I found the Regex.Escape() method. But it doesn't suit my needs. For example, if exclusion = @"[text]" passed to the Regex.Escape() method, it will return the string "\\[text]" . After inserting this line into the pattern, instead of the exclusion variable:
$@"^(?:[^\p{{L}}]|[{exclusion}])+$" //Цель: запретить использование каких либо букв в строке, кроме тех что заданы в переменной - exclusion
it takes the following form:
$@"^(?:[^\p{{L}}]|[\[text]])+$"
As a result, the regular expression does not work correctly. I suspect that the reason is the extra character – ]
Can you please tell me how to escape all control characters in a string? Is there any other way besides the Regex.Escape() method?
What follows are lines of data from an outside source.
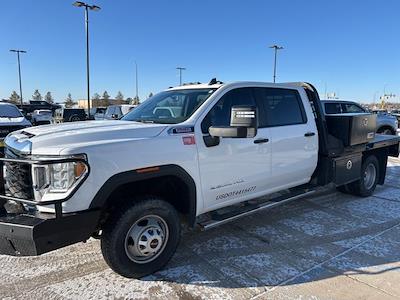 Used 2022 GMC Sierra 3500 - photo 1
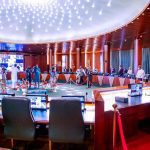 Buhari presides over weekly virtual FEC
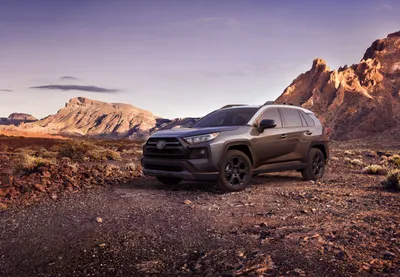 Next-generation Toyota RAV4 due in 2025 - Drive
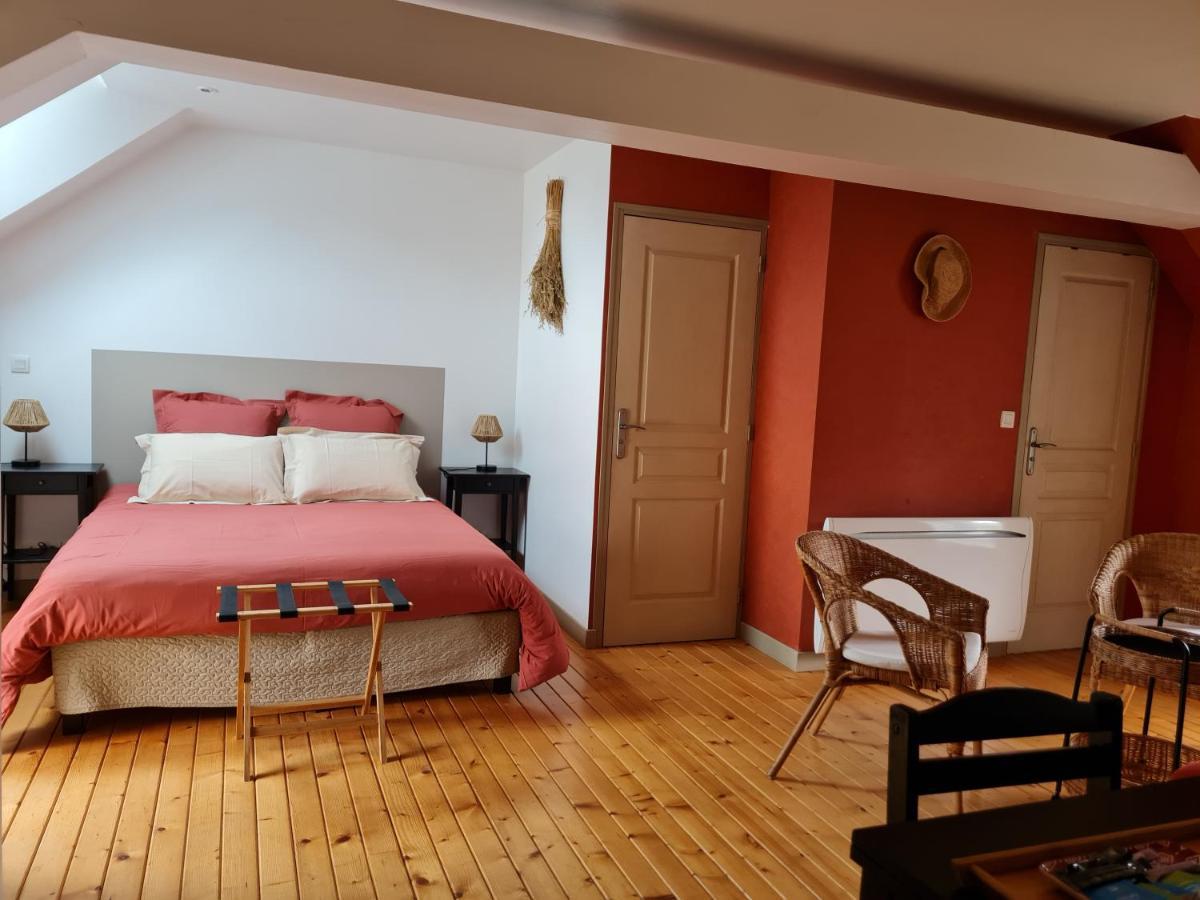 Domaine De La Cour Vautier Bed & Breakfast Mandeville-en-Bessin Luaran gambar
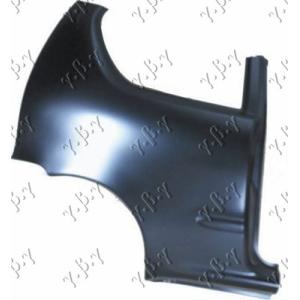 ZADNJI BLATOBRAN Leva str. FIAT SEICENTO (2001-2006) (OEM: 71734516)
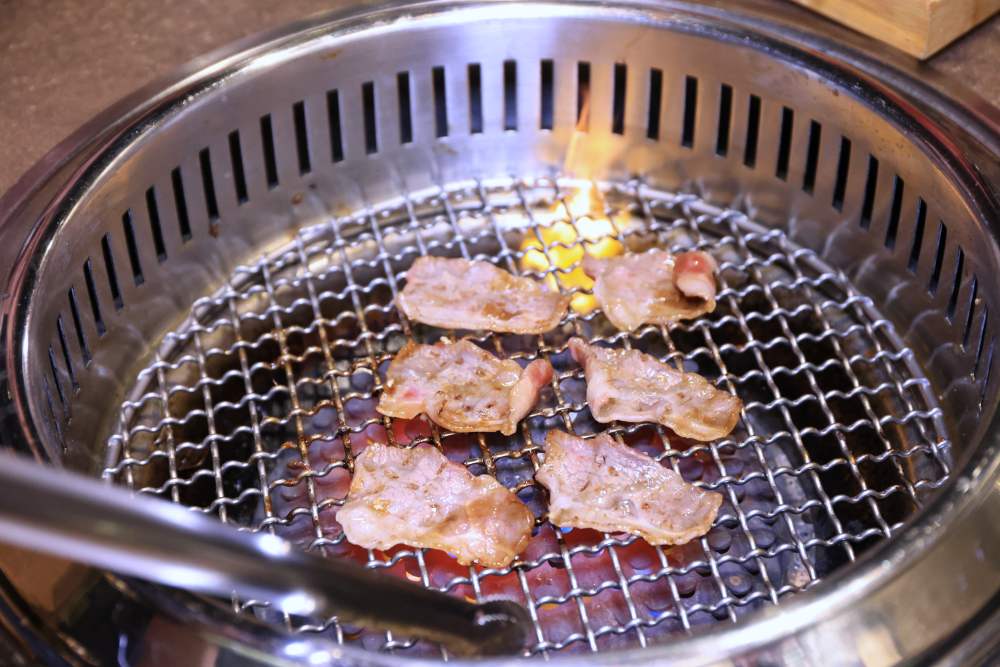 龍門燒肉 丹雀盛宴雙人套餐 送香酥唐揚炸雞、韓式海鮮煎餅2擇1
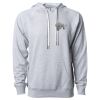 Icon Lightweight Loopback Terry Hooded Sweatshirt Thumbnail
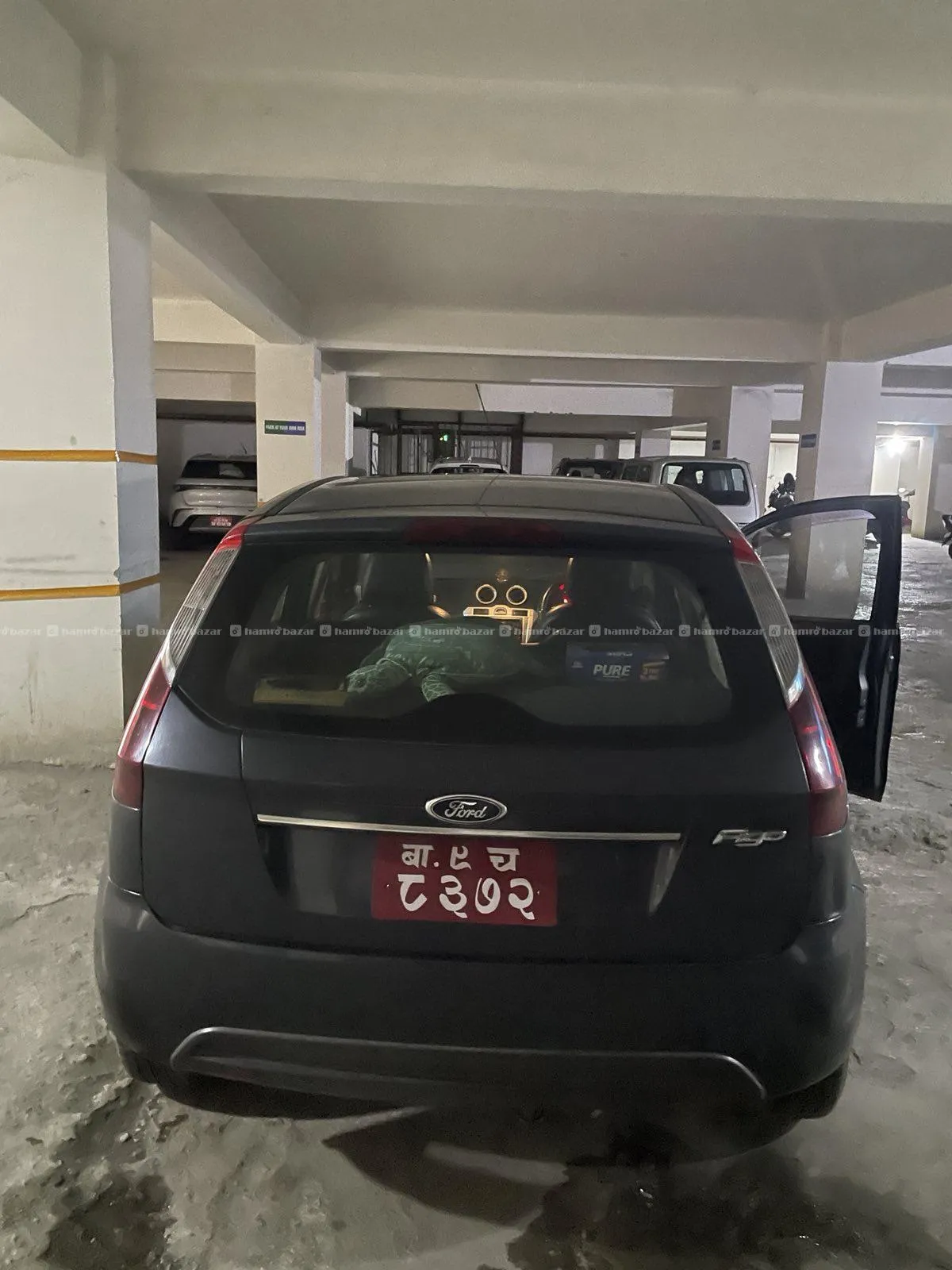 Ford Figo ZXI 2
Maybe I somehow used it incorrectly and do not notice my mistake?
Answer:
Regex.Escape escapes those characters that are considered special outside of character classes:
Escapes a minimal set of characters (
\,*,+,?,|,{,[,(,),^,$,.,#, and white space) by replacing them with their escape codes. ( Escapes the minimum set of characters (\,*,+,?,|,{,[,(,),^,$,.,#and whitespace) by replacing them with their escape codes )
In fact, only the following characters are considered special within character classes:
-
^– can mean an exclusive type of a character class if it is immediately after the opening[ -
]– closes the character class -
\– escapes special characters -
-– specifies a range of characters or "character class subtraction"
To escape these characters, it is enough to use
exclusion.Replace("\\", @"\\").Replace("^", @"\^").Replace("-", @"\-").Replace("]", @"\]")
or
Regex.Replace(exclusion, @"[]^\\-]", "\\$&")
Solution:
var pattern = $@"^(?:[^\p{{L}}]|[{Regex.Replace(exclusion, @"[]^\\-]", "\\$&")}])+$";
Or (since [^\p{L}] = \P{L} ):
var pattern2 = $@"^[\P{{L}}{Regex.Replace(exclusion, @"[]^\\-]", "\\$&")}]+$";